Message from thew President
Mr Emile Burzawa has left Sogelerg-GTS and has resigned as Referee for Subject 10, Enzymatic Methods. Announcements concerning the appointment of Referees for Subjects G3, 10 and 17 will be made shortly. Any member wishing to participate in the work of any of the Refereeships who has not yet advised either the Referee or his National Committee, should do so now without delay.
The President is particularly interested in having as Associate Referees for Subject 1 Constitution and By Laws, anyone who is vitally interested in the reworking of that document to remove ambiguities. It is anticipated that a start will be made on this task early July.
Brief mention was made in the September 1990 issue of ICUMSA News of our intention to produce a new methods book to supersede the one edited by Professor F. Schneider in 1978. The new book is expected to have a loose-leaf format, permitting methods to be added, deleted or altered at any time without the work becoming out of date. It will also be possible to buy single copies of a method much the same as standards can be purchased.
The book will contain those methods approved for use in analysing the various sugar products which are the concerns of the General Refereeships. Reference methods and those for routine factory control and research use will also be included. Methods will be presented in a uniform, internationally accepted format. This will include, where available, the repeatability and reproducibility data obtained from collaborative testing.
The methods will be written up by Referees and their Associates then edited by John Dutton. Manager ICUMSA Publications. The Referee for Subject 3 Method format, collaborative testing and statistical treatment of data, will have oversight of the matters concerning that Refereeship. John Dutton will also be responsible for publication and sale of both the individual methods and the loose-leaf book.
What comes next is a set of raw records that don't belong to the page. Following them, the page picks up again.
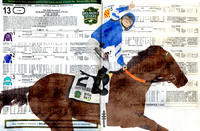 Equine:  At the Track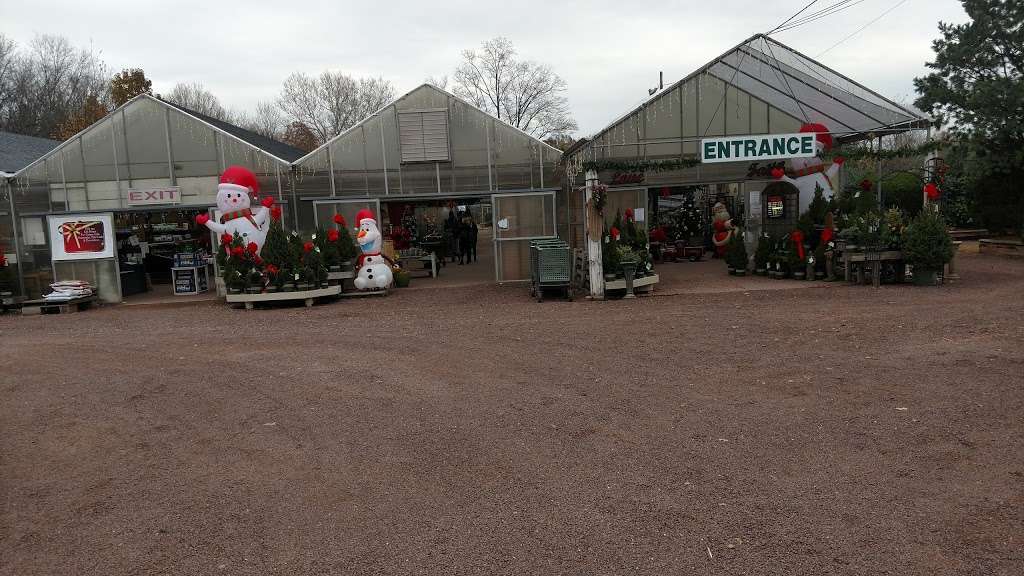 Williams Nursery | 524 Springfield Ave, Westfield, NJ 07090, USA | Phone: (908) 232-4076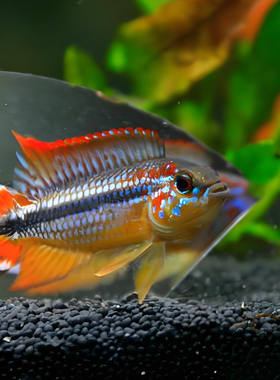 德系阿卡西（A.Tefe redbback）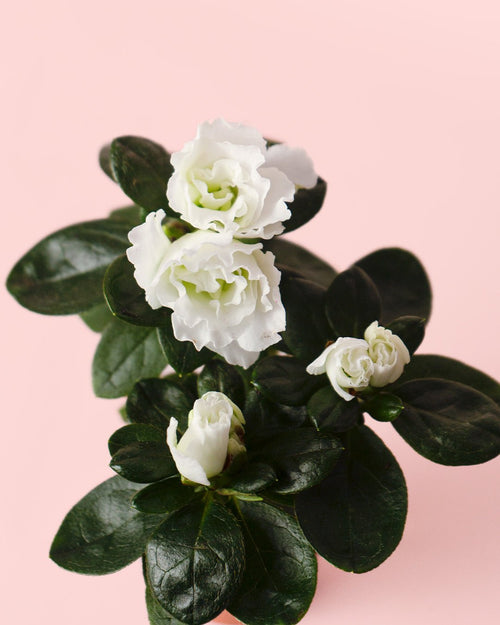 Azalea – Rododendron Blanco Mini - Pur Plant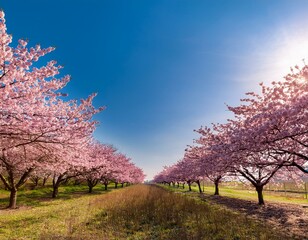 満開の桜と青空が広がる美しい春景色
The new book is expected to be available in 1994. Since the loose-leaf concept permits it to be added to or altered, it is never really “finished”. It is envisaged that members purchasing the complete book will then pay an annual contribution fee for new methods and changes whenever they take place. Since final decisions concerning the methods book have not yet been taken, comments or suggestions from readers would be welcome.
It is with great sadness that we advise the death of Dr Charles Tsang on 27 March 1991.at the age of 39 years, following a period of serious illness. Delegates to the 20th Session at Colorado Springs will recall that Dr Tsang as General Referee for Cane Sugar Processing presented a Report which laid the foundations for this new Refereeship. The Commission is grateful for this pioneer contribution and extends its deepest sympathy to Dr Tsang’s family.
by J. V. Dutton
The Proceedings of the 20th Session which are now available have been produced rather more promptly than has been the case for many years and for this we must thank teamwork and today’s methods of communication via facsimile and diskettes. The teamwork involved Dr Milan Vender, who has done all the typesetting in Australia, with editorial support from our President, General Secretary and others including Dr Albert Emmerich in particular. It is to be hoped that a similar team effort may be possible to expedite writing up the methods, to which our President refers above.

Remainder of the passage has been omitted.